Orange chicken thighs with spinach

cappy11448
on 4/9/16 9:25 am

Hi I tried this yesterday for a change of pace and I really liked it.  The original recipe includes spaghetti and sage butter sauce, which I eliminated due to calories and carbs.  I didn't figure out how many carbs are in the marmalade, but it makes at least 4 servings so its less than 1 Tablespoon per servings, so hopefully its not over the top. 

I also didn't add the pecan because the texture didn't appeal to me in this dish.

Best wishes,

Carol

 

Orange Balsamic Chicken Thighs

Ingredients

  • 2 tablespoons extra-virgin olive oil (EVOO)

  • 8 skinless, boneless chicken thighs, quartered

  • 2 sprigs rosemary, finely chopped

  • 1/4 cup balsamic vinegar

  • 1/4 cup orange marmalade

  • 2 packages of frozen spinach

  • 1/2 cup grated parmigiano-reggiano cheese, plus more for serving

  • 1/3 cup honey-roasted pecans, chopped

Directions

  1. Heat EVOO over medium-high heat. Season the chicken with salt and pepper and add to the skillet. Sprinkle the rosemary on top and cook the chicken until crispy and brown, 8 to 10 minutes. Transfer to a platter.

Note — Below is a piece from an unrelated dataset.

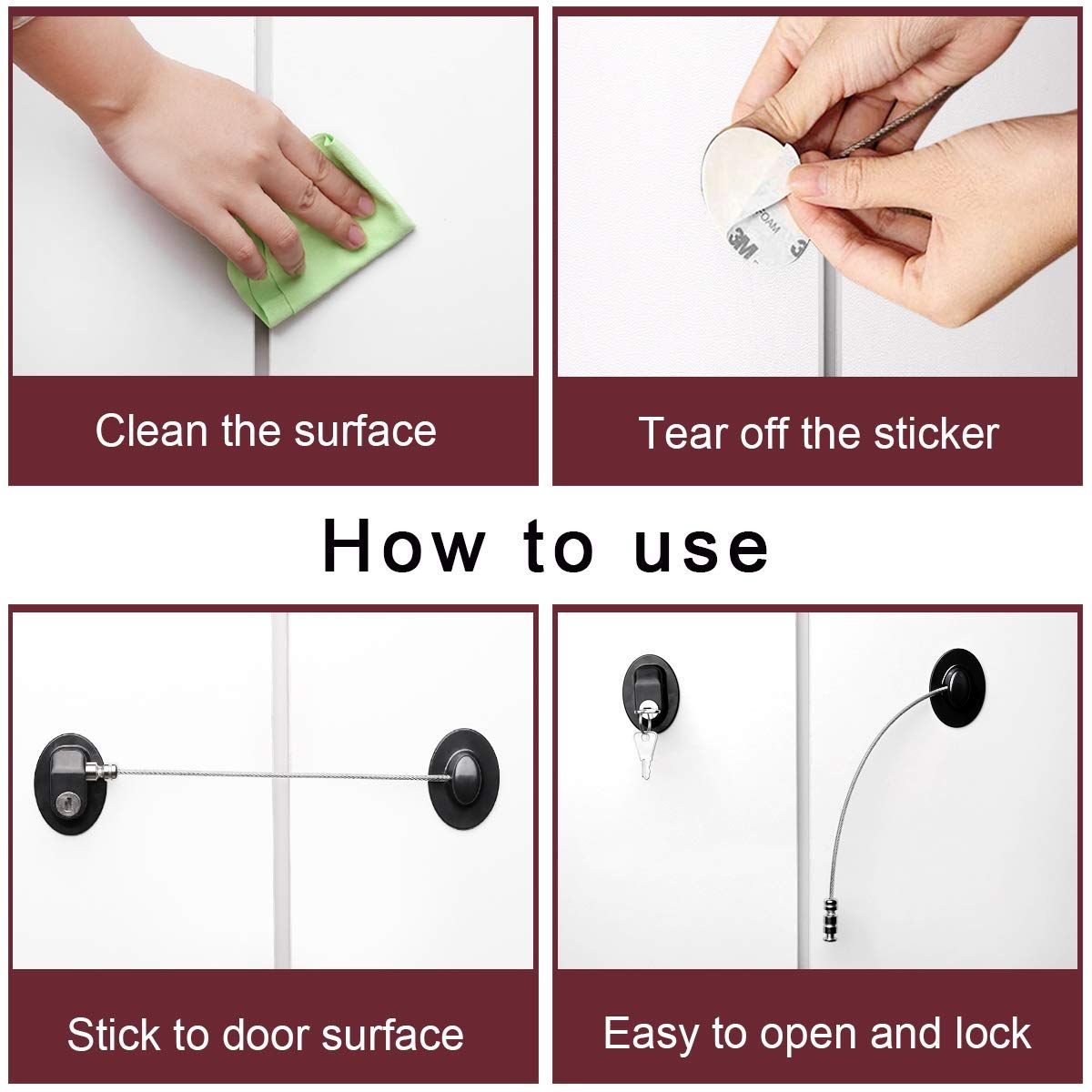 Child Safety Refrigerator Lock – Combination, with 2 Keys – photo 2 of 5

  2. Whisk the balsamic vinegar and marmalade into the skillet, scraping up the browned bits from the bottom of the pan. Lower the heat and simmer for 1 minute. Return the chicken to the pan and coat with the sauce. Remove the pan from the heat and stir in the arugula or spinach.

  3. Add the 1/2 cup grated cheese and season with salt. Sprinkle the pecans on the chicken and serve with the pasta and a little extra cheese.